**Problem description:** Can the lines below, from the one that holds "Target: Vacasa, Inc." to the very end, be echoed exactly, with both ends included and no pictures?

**Working data:**
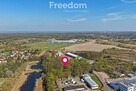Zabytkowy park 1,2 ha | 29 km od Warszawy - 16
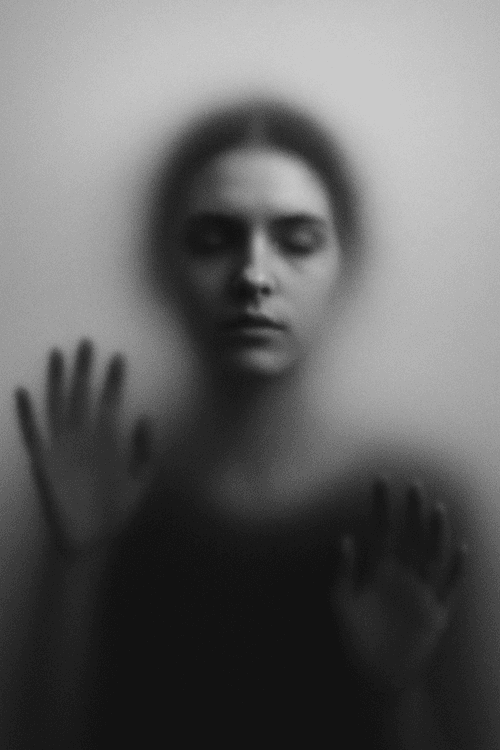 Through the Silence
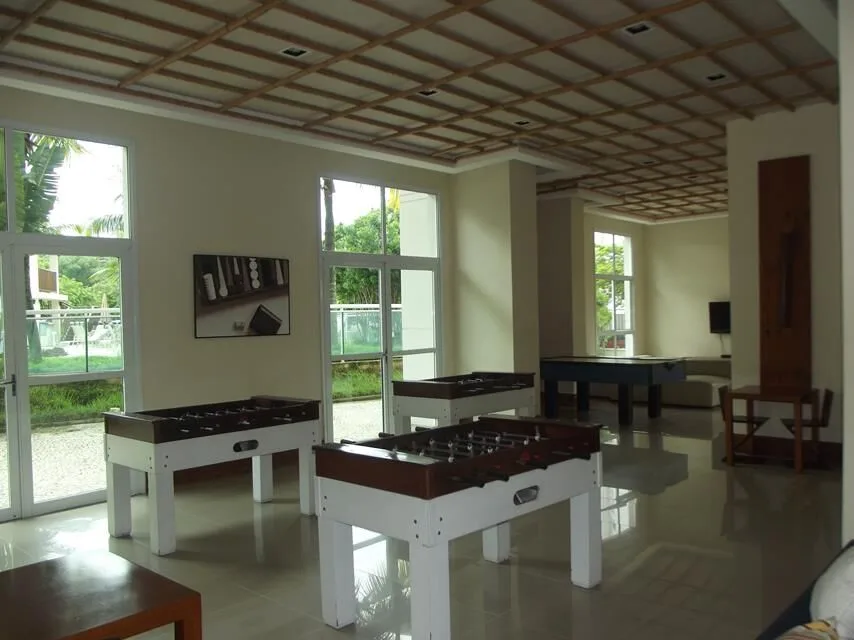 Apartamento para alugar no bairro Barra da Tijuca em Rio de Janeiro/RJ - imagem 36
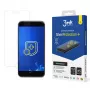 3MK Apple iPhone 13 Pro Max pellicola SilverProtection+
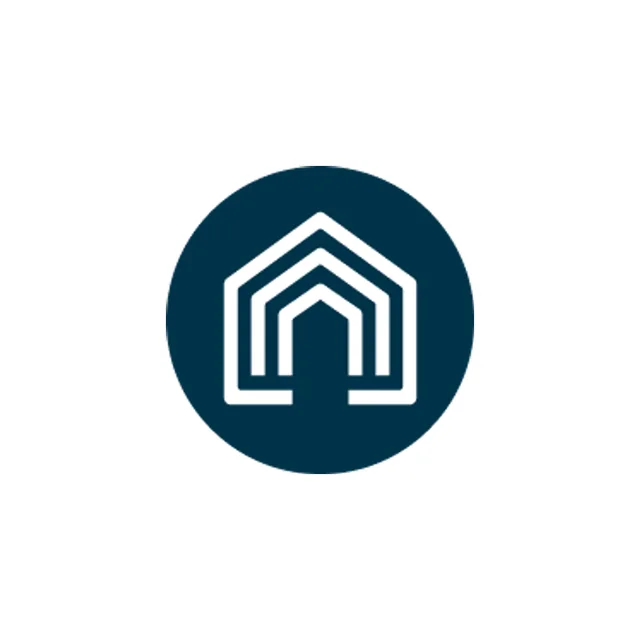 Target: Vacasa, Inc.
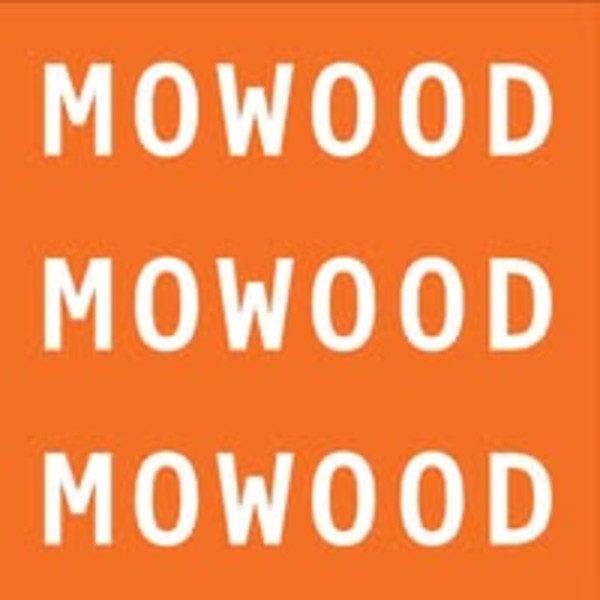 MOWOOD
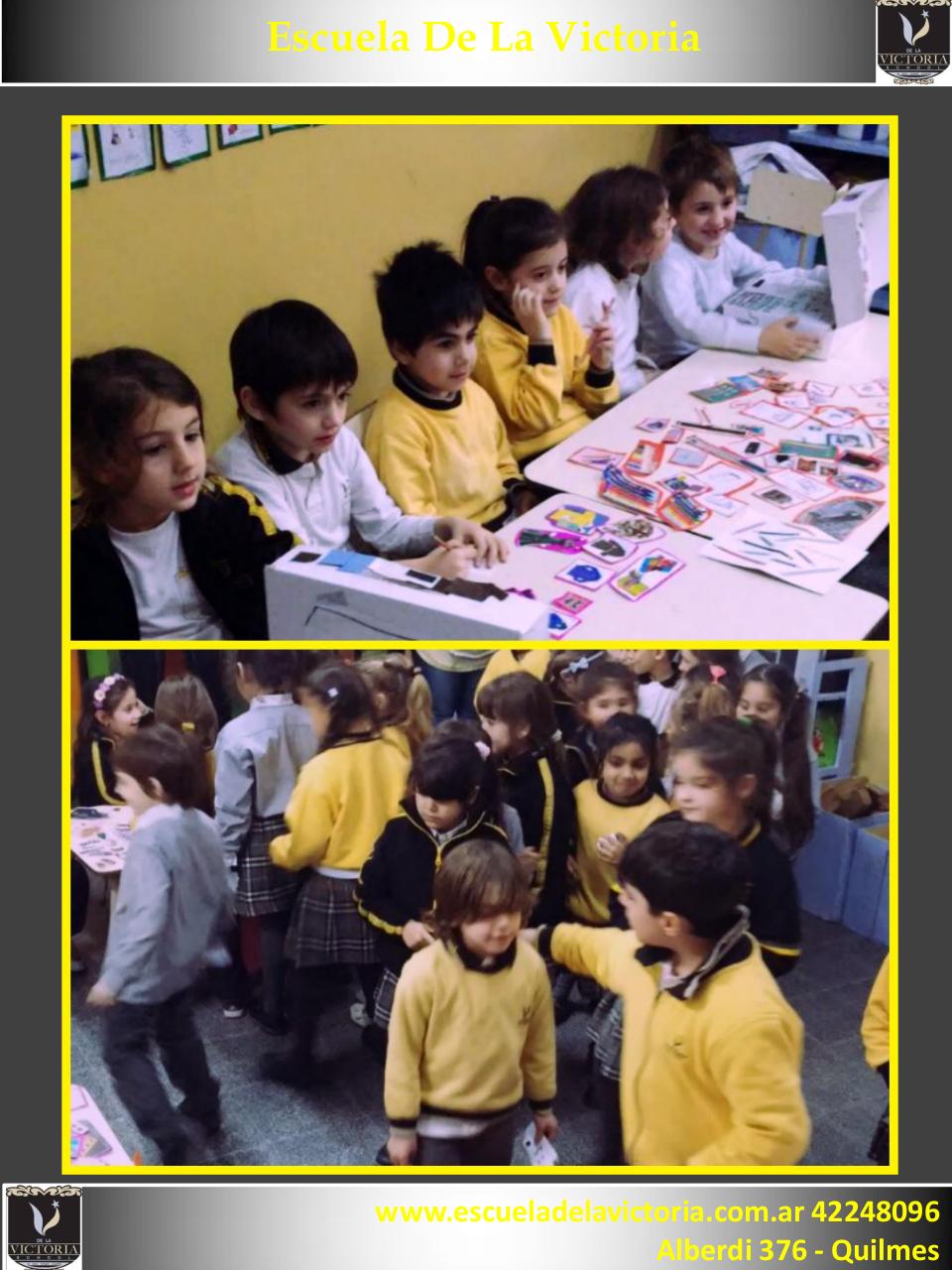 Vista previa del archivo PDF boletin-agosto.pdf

**Result of the exercise:**
 Target: Vacasa, Inc.
 MOWOOD
 Vista previa del archivo PDF boletin-agosto.pdf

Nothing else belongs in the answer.